START Data block

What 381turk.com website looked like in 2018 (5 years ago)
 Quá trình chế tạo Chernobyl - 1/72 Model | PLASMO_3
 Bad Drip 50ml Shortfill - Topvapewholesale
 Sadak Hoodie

END Data block

> **Task requirements**: Your answer must be the full listing above, printed exactly as it stands.

> **Finished exercise**:
What 381turk.com website looked like in 2018 (5 years ago)
 Quá trình chế tạo Chernobyl - 1/72 Model | PLASMO_3
 Bad Drip 50ml Shortfill - Topvapewholesale
 Sadak Hoodie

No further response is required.